— Available data —
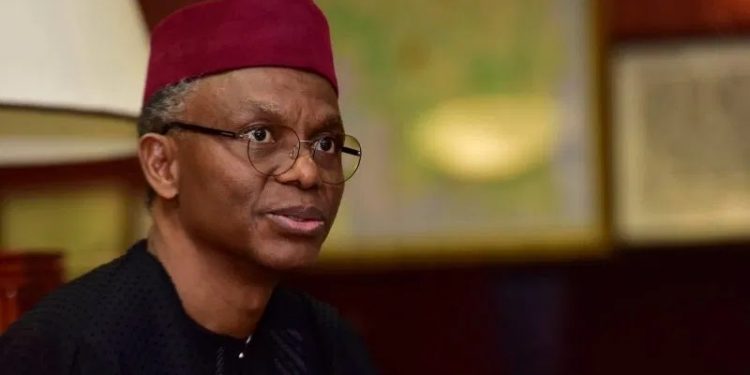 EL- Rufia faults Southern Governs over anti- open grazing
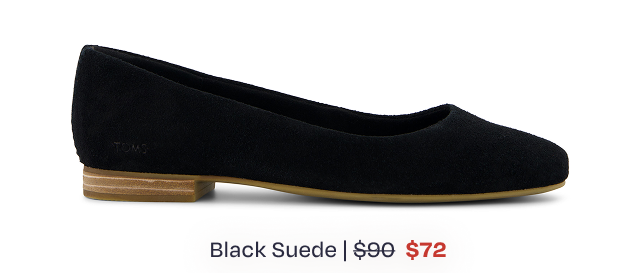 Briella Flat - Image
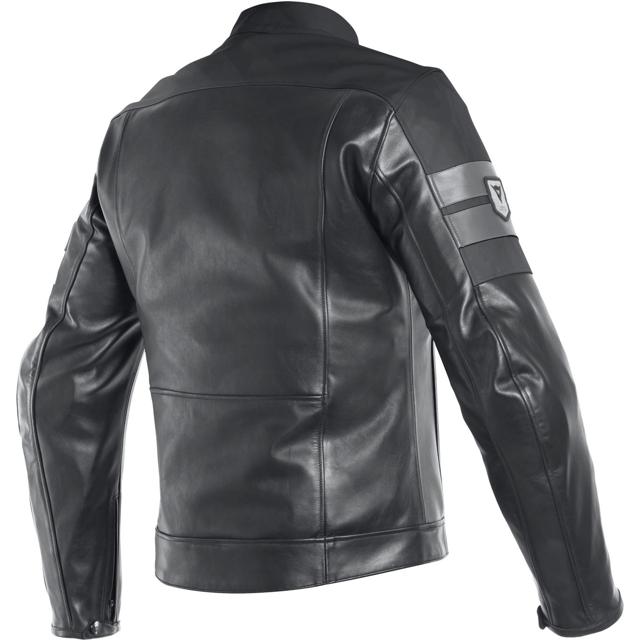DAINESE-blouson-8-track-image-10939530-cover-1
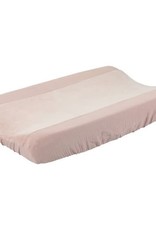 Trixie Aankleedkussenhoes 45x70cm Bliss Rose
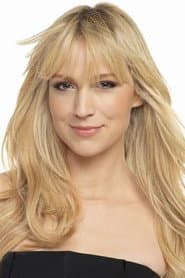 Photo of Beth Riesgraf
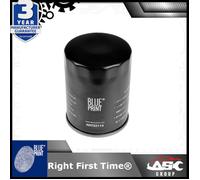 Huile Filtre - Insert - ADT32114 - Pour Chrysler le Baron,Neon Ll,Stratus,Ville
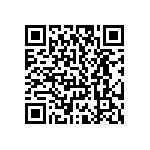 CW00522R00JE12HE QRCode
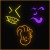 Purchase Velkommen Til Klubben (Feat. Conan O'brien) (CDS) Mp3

--

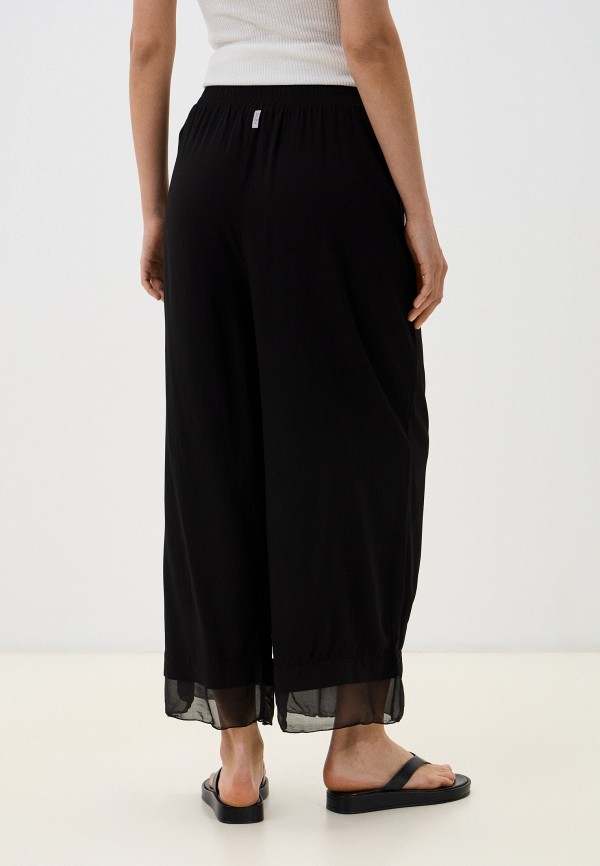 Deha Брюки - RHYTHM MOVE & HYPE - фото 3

— What you will do —
Copy only what lies between the line with "DAINESE-blouson-8-track-image-10939530-cover-1" and the line with "Purchase Velkommen Til", those two lines included, exactly as given above; pictures stay out.

— Answer below —
DAINESE-blouson-8-track-image-10939530-cover-1
 Trixie Aankleedkussenhoes 45x70cm Bliss Rose
 Photo of Beth Riesgraf
 Huile Filtre - Insert - ADT32114 - Pour Chrysler le Baron,Neon Ll,Stratus,Ville
 CW00522R00JE12HE QRCode
 Purchase Velkommen Til Klubben (Feat. Conan O'brien) (CDS) Mp3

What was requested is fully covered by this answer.